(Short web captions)
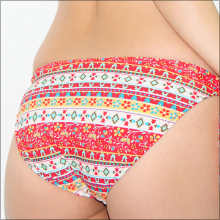 グラドル谷麻紗美、デビュー10周年メモリアルDVDで過去最大セクシー！　28歳には見えない合法ロリっぷり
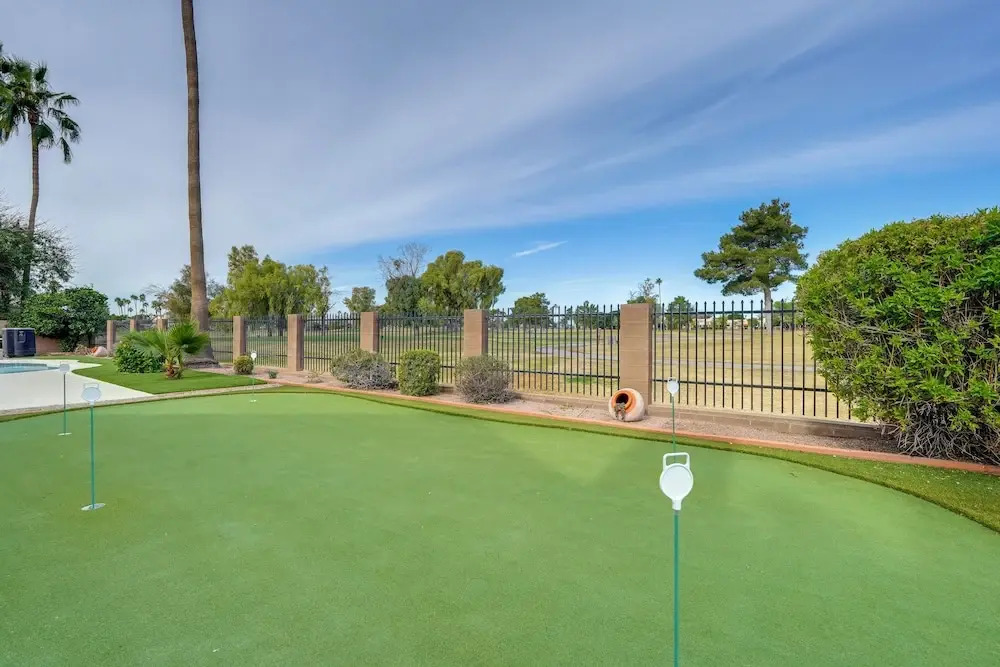 Putting Green! Fairway Retreat on Dobson Ranch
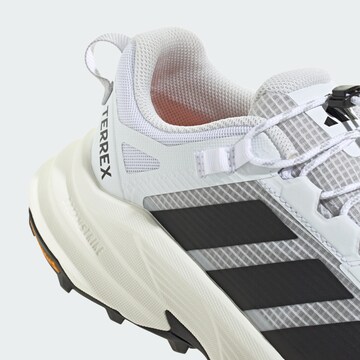 ADIDAS TERREX Полуботинки 'Freehiker SL' в Белый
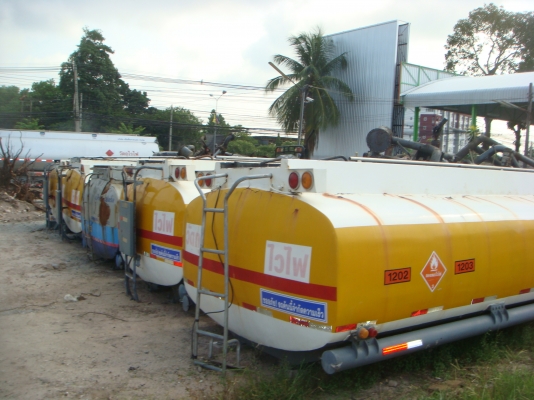 ถังน้ำมันขายทั้งหมด 7 ใบ มีทั้งโหลดล่างโหลดบน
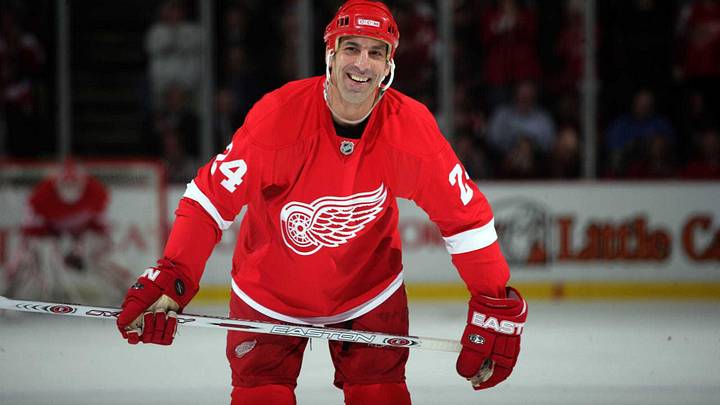 Chris Chelios, 2000, 2002.

Rw 010807 Jhg01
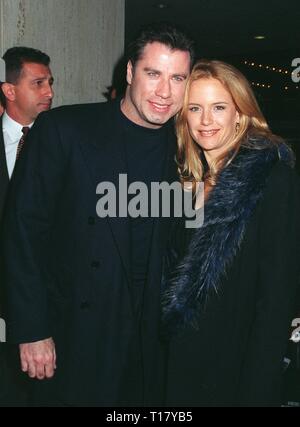 LOS ANGELES, Ca. Oktober 27, 1997: Schauspieler John Travolta & Schauspielerin Frau Kelly Preston bei der Premiere in Los Angeles der "Stadt", in dem er Sterne mit Dustin Hoffman. Stockfoto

> Directions
The copy should hold exactly the lines from the one containing "ถังน้ำมันขายทั้งหมด 7 ใบ" through the final line of the records above, both ends included, and no picture.

> Task response
 ถังน้ำมันขายทั้งหมด 7 ใบ มีทั้งโหลดล่างโหลดบน
 Chris Chelios, 2000, 2002.

Rw 010807 Jhg01
 LOS ANGELES, Ca. Oktober 27, 1997: Schauspieler John Travolta & Schauspielerin Frau Kelly Preston bei der Premiere in Los Angeles der "Stadt", in dem er Sterne mit Dustin Hoffman. Stockfoto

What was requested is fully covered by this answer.